Allan Webb

No. 21
- Positions: Defensive back, halfback

Personal information
- Born: January 22, 1931 Washington, D.C.
- Died: July 18, 2011 (aged 78) Burlingame, California
- Listed height: 5 ft 11 in (1.80 m)
- Listed weight: 180 lb (82 kg)

Career information
- High school: Ansonia (Ansonia, Connecticut)
- College: Arnold

Career history

Playing
- New York Giants (1961–1965);

Coaching
- New York Giants (1974–1979) (assistant);

Operations
- New York Giants (1972–1973) (scout); Cleveland Browns (1979–1982) (director of pro personnel); San Francisco 49ers (1983–1995) (pro personnel department);
- Stats at Pro Football Reference

= Allan Webb (American football) =

American football player, coach, and executive (1931–2011)

Allan R. Webb (January 22, 1931 – July 18, 2011) was an American football player, coach, and executive. He played professional football in the National Football League (NFL) for the New York Giants from 1961 to 1965 as a defensive back and halfback. Webb played college football at Arnold College.

==Early life==
Webb was born in Washington, D.C. and attended Ansonia High School in Ansonia, Connecticut. He led the state of Connecticut in 1947 with 21 touchdowns and 21 extra points and earned all-state honors. He then attended Arnold College in Milford, Connecticut, where he played college football.

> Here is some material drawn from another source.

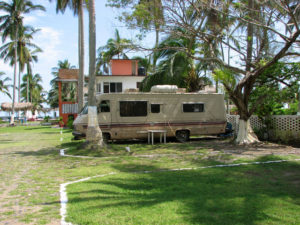 ''Wild Bill,'' a retiree from the US, lives full time in his RV beneath the palm trees. The seventy-six year-old expatriate has chosen Mexico's Emerald Coast of Veracruz, where he calls the Quinta Alicia Trailer Park home. © William B. Kaliher, 2010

==Professional playing career==
Webb began his professional football career with the Montreal Alouettes of the Canadian Football League (CFL). He later played in the NFL for the New York Giants from 1961 to 1965. He appeared in 48 NFL games. He intercepted seven passes.

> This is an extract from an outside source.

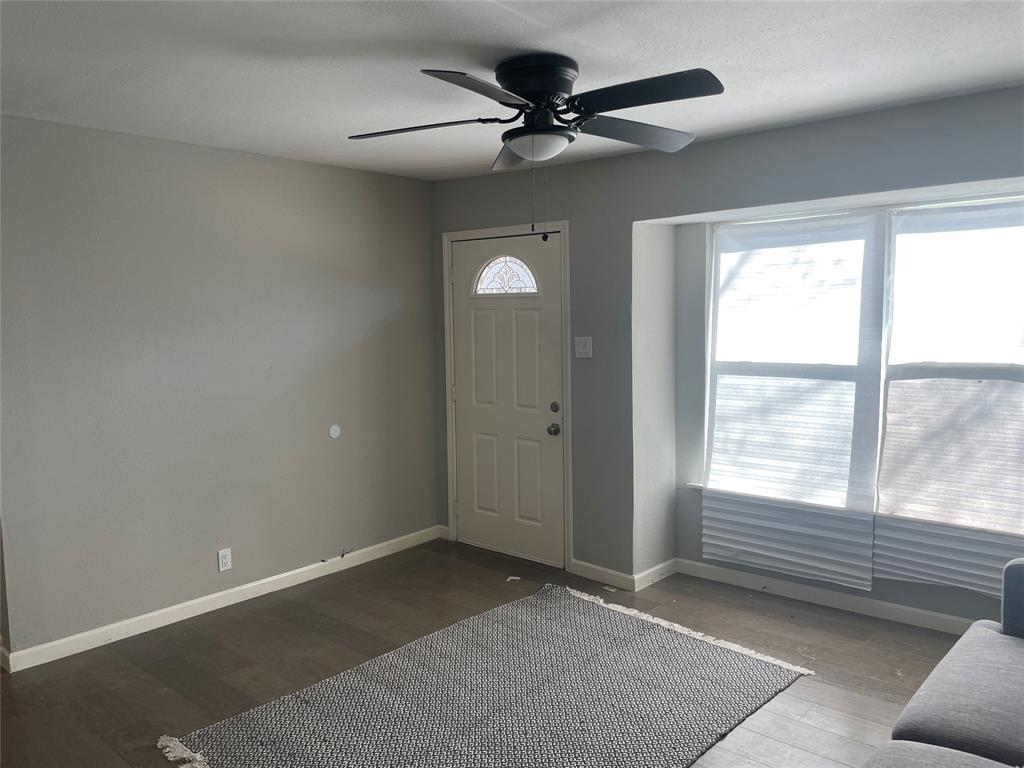 203 Broad Street McKinney, TX 75069 - Photo 6 of 19 a view of an empty room with a window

==Coaching and executive career==
After retiring as a player, Webb went into coaching, serving has head coach for the Long Island Bulls of the Atlantic Coast Football League (ACFL). He rejoined the New York Giants as a scout in 1972 and was an assistant coach for the team from 1974 to 1978. Webb was the director of pro personnel for the Cleveland Browns from 1979 to 1982 and work in the pro personnel department for the San Francisco 49ers from 1983 until his retirement in 1995. He died on July 18, 2011, at the age of 80, from heart failure.